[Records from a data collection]
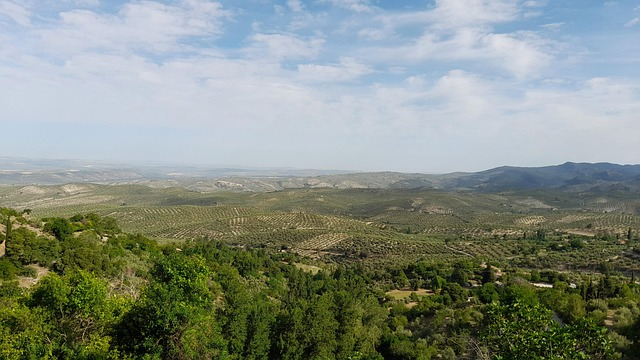 La Junta de Andalucía continuará con la tala de olivos en Jaén pese a la oposición ciudadana

Entre 2012 y 2022, los parques fotovoltaicos ocuparon en España 40 071 hectáreas de suelo. Más de la mitad (21 354 hectáreas) habían sido suelos productivos: el 47,2 % eran cultivos de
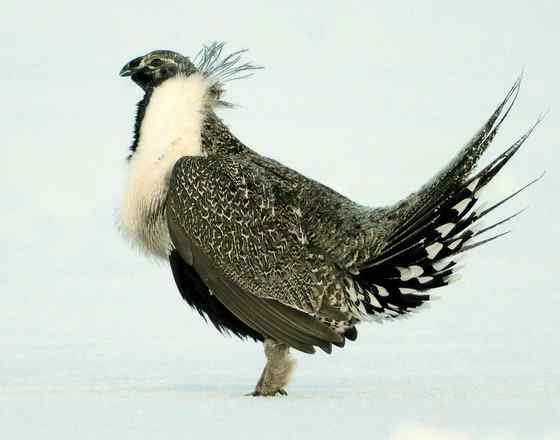 艾草榛鸡 北美洲体型最大的松鸡 发情时极度活跃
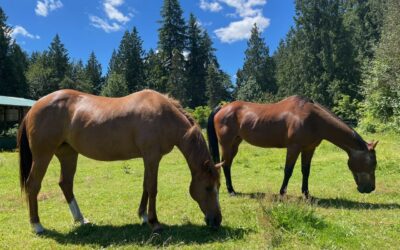 Alumni Update: CJ and Rosie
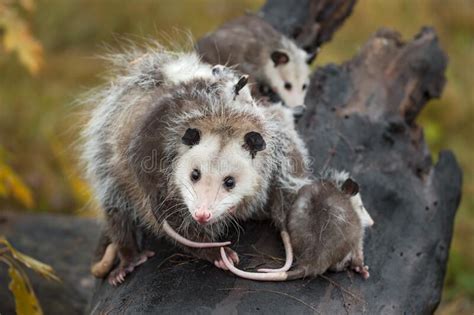 Virginia Opossum Didelphis Virginiana Looks Out Surrounded By Joeys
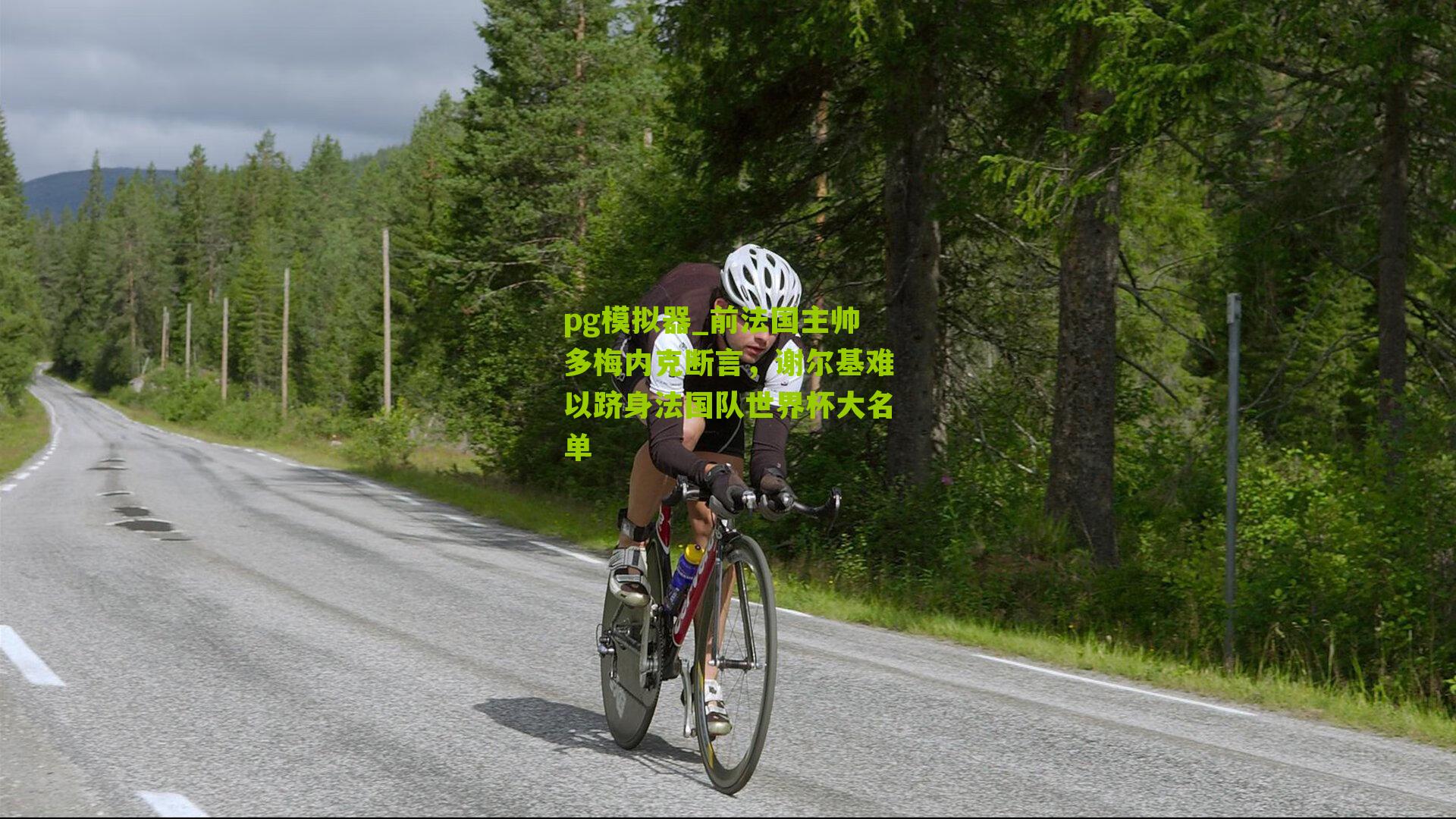 前法国主帅多梅内克断言，谢尔基难以跻身法国队世界杯大名单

* **TASK GOAL**
Word for word, set down every record, keeping the images out.

* **SOLVED PROBLEM**
 La Junta de Andalucía continuará con la tala de olivos en Jaén pese a la oposición ciudadana

Entre 2012 y 2022, los parques fotovoltaicos ocuparon en España 40 071 hectáreas de suelo. Más de la mitad (21 354 hectáreas) habían sido suelos productivos: el 47,2 % eran cultivos de
 艾草榛鸡 北美洲体型最大的松鸡 发情时极度活跃
 Alumni Update: CJ and Rosie
 Virginia Opossum Didelphis Virginiana Looks Out Surrounded By Joeys
 前法国主帅多梅内克断言，谢尔基难以跻身法国队世界杯大名单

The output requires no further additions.